Sartor Resartus: The Life and Opinions of Herr Teufelsdroöckh, by Thomas Carlyle:
“Two men I honor, and no third. First, the toilworn Craftsman that with earth-made Implement laboriously conquers the Earth, and makes her man’s. Venerable to me is the hard Hand; crooked, coarse; wherein notwithstanding lies a cunning virtue, indefeasibly royal, as of the Sceptre of this Planet. Venerable too is the rugged face, all weather-tanned, besoiled, with its rude intelligence; for it is the face of a Man living manlike. Oh, but the more venerable for thy rudeness, and even because we must pity as well as love thee! Hardly-entreated Brother! For us was thy back so bent, for us were thy straight limbs and fingers so deformed: thou wert our Conscript, on whom the lot fell, and fighting our battles wert so marred. For in thee too lay a god-created Form, but it was not to be unfolded; encrusted must it stand with the thick adhesions and defacements of Labor: and thy body, like thy soul, was not to know freedom. Yet toil on, toil on: thou art in thy duty, be out of it who may; thou toilest for the altogether indispensable, for daily bread.

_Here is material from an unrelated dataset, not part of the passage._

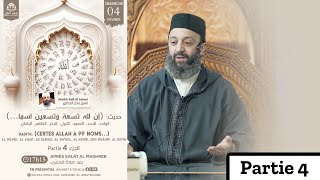 Hadith: Certes Allah a 99 noms...(partie 4) - Fr/Ar - Sheikh Adil Al Jattari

“A second man I honor, and still more highly: Him who is seen toiling for the spiritually indispensable; not daily bread, but the bread of Life. Is not he too in his duty; endeavoring towards inward Harmony; revealing this, by act or by word, through all his outward endeavors, be they high or low? Highest of all, when his outward and his inward endeavor are one: when we can name him Artist; not earthly Craftsman only, but inspired Thinker, who with heaven-made Implement conquers Heaven for us! If the poor and humble toil that we have Food, must not the high and glorious toil for him in return, that he have Light, have Guidance, Freedom, Immortality? — These two, in all their degrees, I honor: all else is chaff and dust, which let the wind blow whither it listeth.

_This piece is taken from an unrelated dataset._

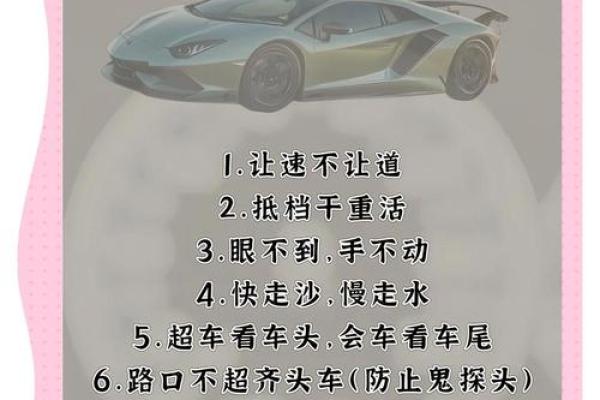 专业择吉师傅教你提车选择吉日的方法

“Unspeakably touching is it, however, when I find both dignities united; and he that must toil outwardly for the lowest of man’s wants, is also toiling inwardly for the highest. Sublimer in this world know I nothing than a Peasant Saint, could such now anywhere be met with. Such a one will take thee back to Nazareth itself; thou wilt see the splendor of Heaven spring forth from the humblest depths of Earth, like a light shining in great darkness.”